Meta Platforms fait face à une poursuite judiciaire intentée par 26 anciens employés qui allèguent que le système d'IA de l'entreprise a pénalisé de manière injuste les travailleurs en congé maternité ou maladie, contribuant ainsi à leur licenciement. La plainte, déposée devant un tribunal fédéral à Oakland, en Californie, affirme que le processus de sélection des licenciements de Meta s'est appuyé sur des critères tels que l'activité des employés, la production de code, l'utilisation d'outils d'IA et les classements de performance assistés par algorithme.
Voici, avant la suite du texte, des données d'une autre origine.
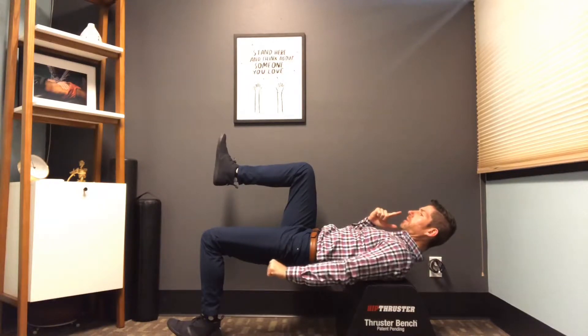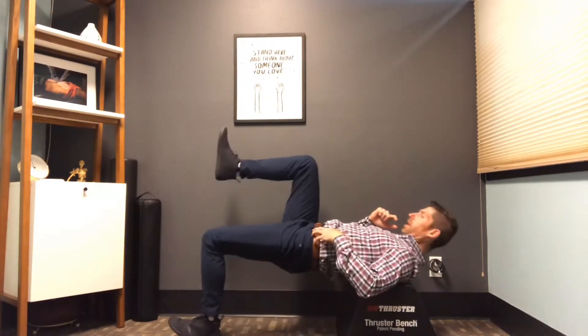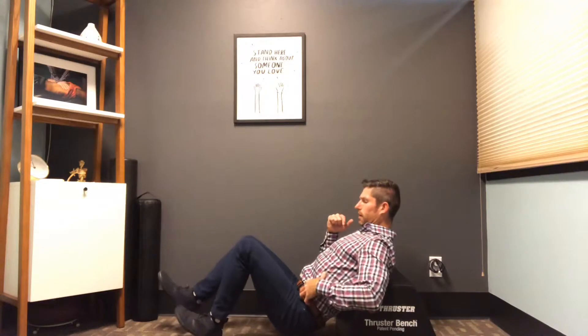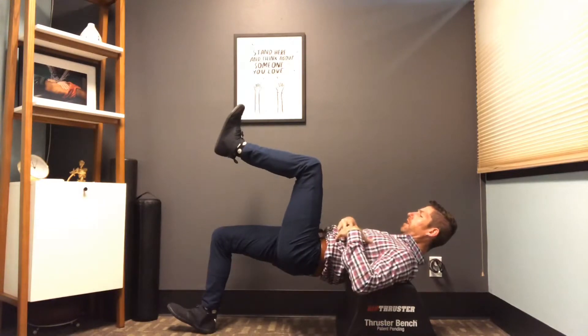Focusing on squeezing or contracting the glute and hamstring, hold, slow on the way down, and then repeat. Drive up, pause, slow on the way down. Driving up the other side — same thing. I bring this leg up.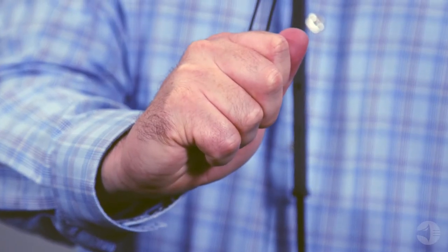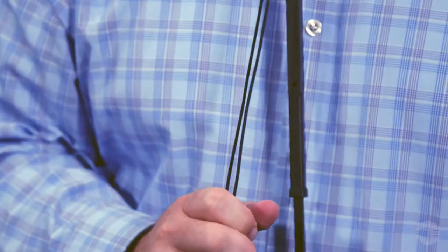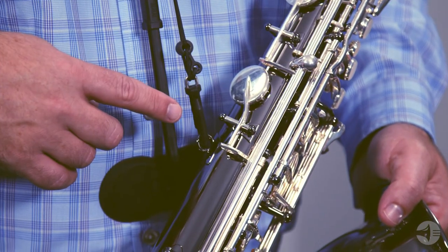The sax holder utilizes cord which is tested to 500 pounds, so it is perfect for use with any saxophone, including tenor or baritone. The hook is molded with a clasp to prevent it from disengaging from the saxophone strap ring. It comes in standard and XL sizes and both fold up to fit neatly inside a saxophone bell.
Les plaignants soutiennent que les employés qui ont pris des congés légalement protégés, y compris les congés de maladie, de maternité ou familiaux, n'ont pas pu accumuler ces métriques au même rythme que leurs collègues qui travaillaient sans interruption. Ils soutiennent que cette disparité a conduit à leur inclusion parmi les quelque 8 000 travailleurs ciblés pour des licenciements.
Meta a nié les allégations. Un porte-parole de l'entreprise a déclaré que "ces affirmations manquent de fondement et ne sont pas basées sur des faits". Le porte-parole a souligné que "la gestion de la main-d'œuvre et les décisions organisationnelles étaient et sont prises par des personnes, et non par l'IA".
Cependant, des experts juridiques suggèrent qu'une supervision humaine pourrait ne pas exonérer un employeur de sa responsabilité si une pratique a un impact disproportionné. "Il est peu probable qu'un examen humain protège l'employeur si la pratique a toujours un impact disproportionné et qu'elle est injustifiée", a déclaré Pauline Kim, professeure de droit à la Washington University de St. Louis, qui étudie la prise de décision algorithmique.
La plainte demande une ordonnance de cessation et d'abstention pour stopper les licenciements à venir, qui seraient prévus pour le 22 juillet, pendant que les employés poursuivent leurs réclamations individuelles pour discrimination dans le cadre d'un arbitrage. Cette action en justice met en lumière les préoccupations persistantes concernant l'utilisation de l'IA dans les décisions d'emploi et son impact potentiel sur les droits des employés.